California Bill Proposes Automated Noise Pollution Enforcement

If signed by Governor Gavin Newsom, a new bill would use automated sensors and cameras to enforce decibel limits on cars and motorcycles.

May 12, 2022, 8:00 AM PDT

By Diana Ionescu @aworkoffiction


portrait of woman walking on the city street covering her ears

Fotos593 / Noise pollution

“California has long specified the decibel level at which stock or modified exhaust systems are deemed too loud—95 decibels for cars and 80 for motorcycles built after 1985—and this hasn’t changed,” notes an article by Emmet White in Autoweek. Now, a new bill would implement a five-year automated enforcement pilot program to ramp up enforcement.

“A ‘sound-activated enforcement system’ means sensors are activated when noise levels exceed legal limits, and smart cameras are used ‘to obtain a clear photograph of a vehicle license plate,’ the text of Senate Bill 1079 reads.”

According to the bill, “Signage is required to notify motorists before they enter an enforcement zone. First time offenders will not be charged and only subsequent violations will incur fines.
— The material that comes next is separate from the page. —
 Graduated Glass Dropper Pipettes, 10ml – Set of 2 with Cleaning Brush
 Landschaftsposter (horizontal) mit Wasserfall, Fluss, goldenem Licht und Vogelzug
Additionally, participating city governments are required to create payment plans, deferment options, and fine waivers for low-income vehicle owners who demonstrate a temporary or indefinite inability to pay.”

White writes that how well the sensors will function remains to be seen. “It will be curious to gauge the accuracy of the enforcement devices, how manufacturers will continue to alter vehicles for California markets, and if the progressive penalty policies become a blueprint for more equitable traffic enforcement.”

Other states and cities are also experimenting with high-tech solutions to noise pollution as more research reveals the harmful effects of noise on public health.